(Work required): Line for line, return the data exactly, omitting all pictures.

(Data provided):
=== Begin Enclosure ===
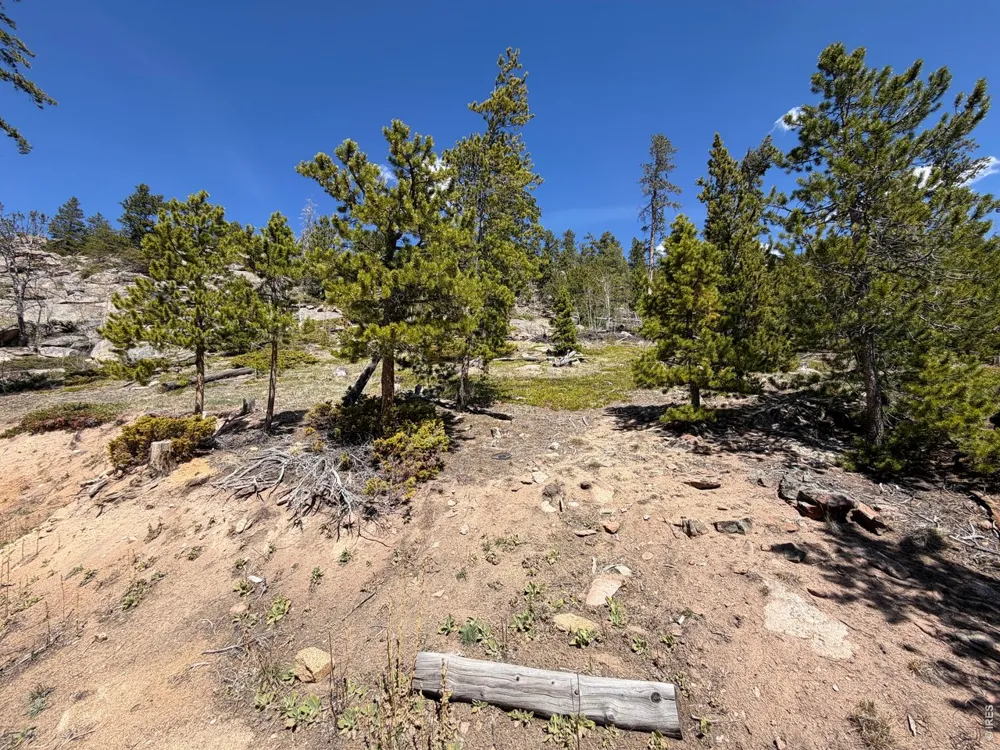 726 Micmac Drive Red Feather Lakes, CO 80545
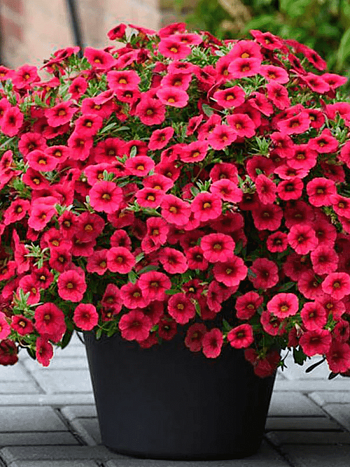 Калибрахоа Cabaret Dark Rose (кашпо)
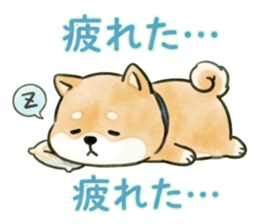 862474040
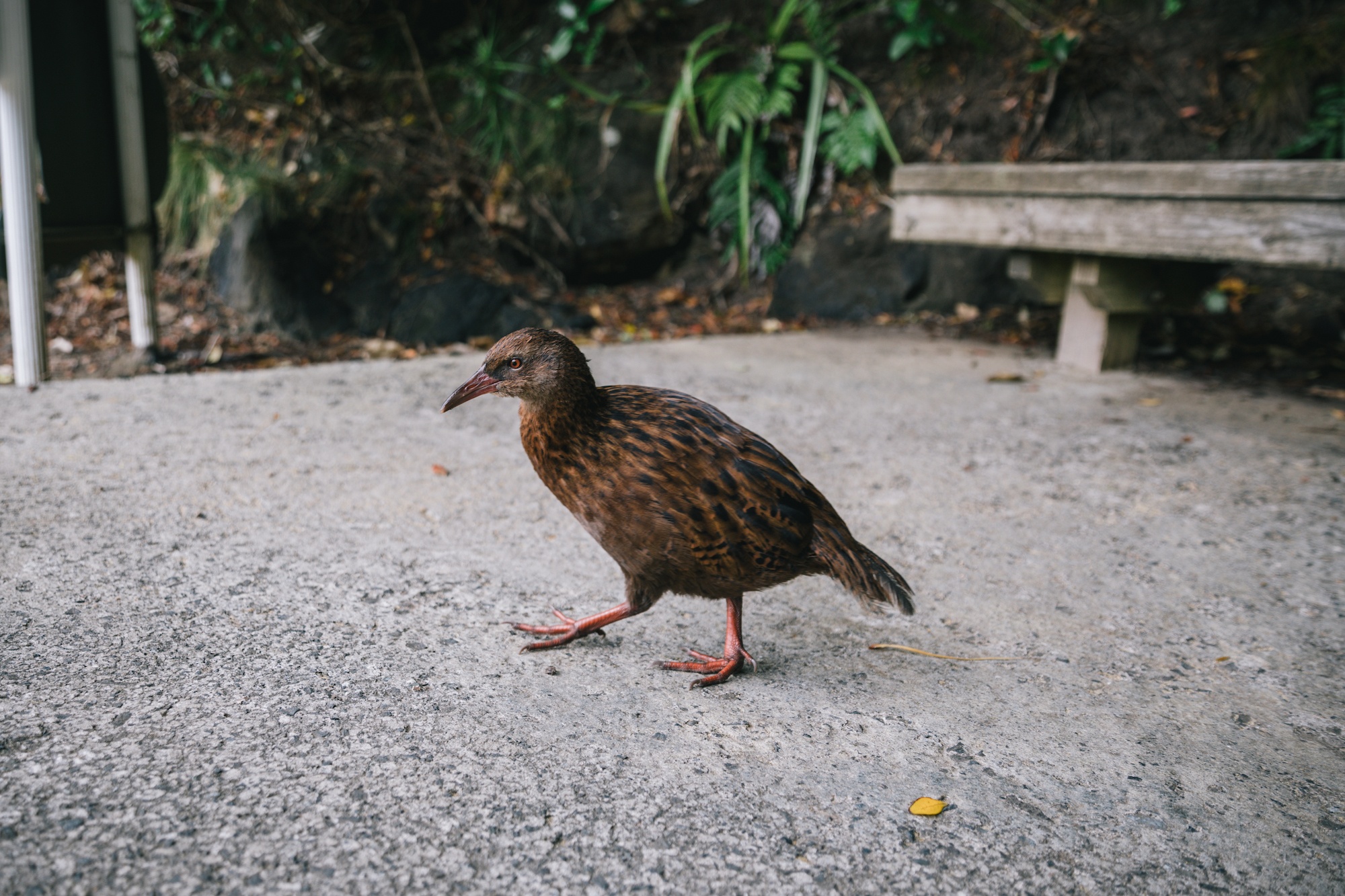 south island birds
=== End Enclosure ===
(Exercise answer):
 726 Micmac Drive Red Feather Lakes, CO 80545
 Калибрахоа Cabaret Dark Rose (кашпо)
 862474040
 south island birds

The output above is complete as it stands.